1) From what I have read of reduced relative clauses, I believe so. "Alive" here means "When/while she was alive" and I do believe that it does serve as an adverb in this case, but of that I am not altogether too sure. Other words or phrases like this can also be used, like "Out of office, the President railed against the power of the executive. In office, he decried the executive's lack of power."
2) Having read a synopsis of the text in question, her being a tradition refers to her unique status in the town as someone from the previous generation who must be "humoured and tolerated" according to Wikipedia. It is, as I said, a literary description. As you have, presumably, read all or most of the text, you are in a better place to make a judgement about what it means.

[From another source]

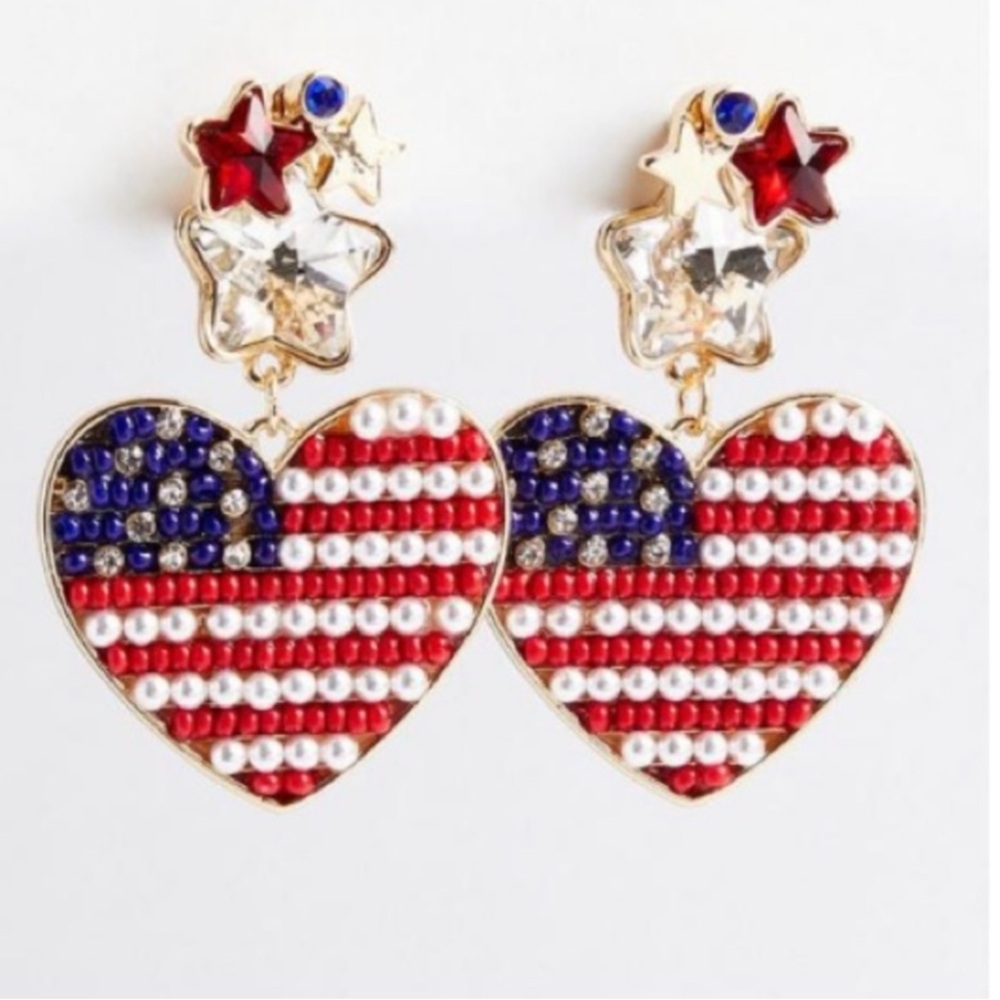 Torrid Patriotic Heart Earrings, NWT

3) The part of the sentence which includes "on the streets without an apron" is enclosed by dashes, so it is not connected to to the part including "remitted her taxes" in the way that I think you are implying. It can be removed from the sentence without making the sentence incomprehensible, and if we do so, we get: "Colonel Sartoria, the mayor, remitted her taxes, the dispensation..." I hope that makes it clearer.
4) a) I think so, although I am not sure. What else it might be I don't know either.
b) Two prepositions are used together fairly commonly in English: away from, out of, up into, up over etc. As I see it, the "on" links with the previous "from...". "Into perpetuity" is actually necessary here, because the dispensation was not created in perpetuity, butbecame perpetual, so it moved into perpetuity.